Ara Sarafian is a British historian of Armenian origin. He is the founding director of the Gomidas Institute in London, which sponsors and carries out research and publishes books on modern Armenian and regional studies.
Early life
Sarafian was born in July 1961 in Cyprus. In 1974, while he and his parents were on holiday in London, the Turkish military invaded North Cyprus and his family became refugees. He decided to learn Turkish so that he could challenge the Turkish state's denial of the Armenian Genocide and applied to study the language in Ankara. When the Turkish Ministry of Education turned down his application to study, he went anyway, paying for his tuition by teaching English. According to a New Yorker profile, "coming to Turkey transformed him, in an unexpected way. The combined effect of getting to know Turkish citizens, of higher education, of maturity, and of changing Turkish politics eroded the teen-age hatred until he began to seek out opportunities for reconciliation." Sarafian attended the University of Michigan at Ann Arbor in the United States and earned his M.A. in history under the tutelage of Ronald Grigor Suny.
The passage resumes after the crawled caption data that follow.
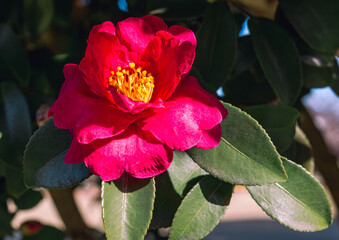 赤いツバキの花　クローズアップ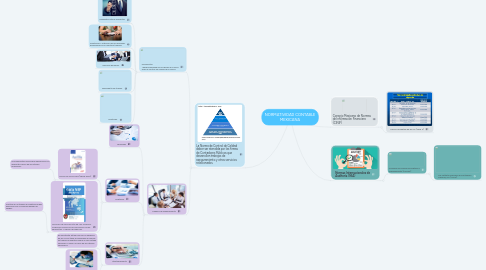 Mind Map: NORMATIVIDAD CONTABLE MEXICANA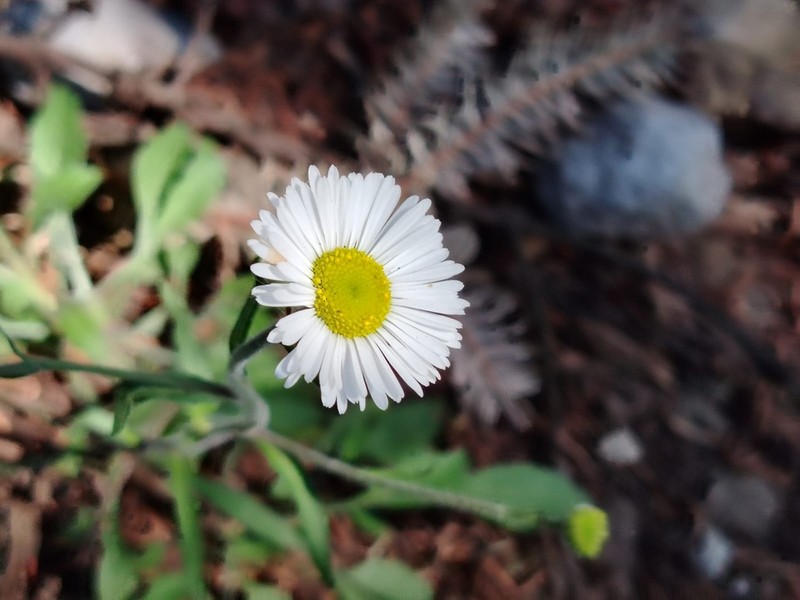 Erigeron galeottii photo 3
Sarafian conducted research in the Ottoman Archives of the Turkish Government in the 1990s, together with Hilmar Kaiser. In February 2007, Sarafian accepted the suggestion of the then-chairman of the Turkish Historical Society, Yusuf Halaçoğlu, to cooperate on a joint project. Sarafian later proposed a joint case study of "what happened on the Harput Plain" and "how many people died" during the deportations. A month later, Halaçoğlu announced that Sarafian has declined to carry out the study, and added that Sarafian "was disturbed by the institute's initiative to study the archives of Tashnak, the Armenian Revolutionary Federation". In an interview, Sarafian said Halaçoğlu's "explanation was not true because I had not said any such thing. The case study came to an end when Halaçoğlu stated that the relevant records, which he had initially agreed to use as the basis of the joint case study, were not available." Halaçoğlu's choice to withhold archival records and pull out of the project was criticized at the time in the Turkish press. The Nation magazine has called Sarafian "the leading authority on the history of the genocide in the English language." He was the subject of two independent documentary films. The first film, Gagik Karagheuzian's The Blue Book, Political Truth or Historical Fact, focused on Sarafian's work and research on the Blue Book. The second film, John Lubbock's 100 Years Later, focused on Sarafian's work with Kurdishcivil society organisations in Turkey around the 100th anniversary of the start of the Armenian Genocide.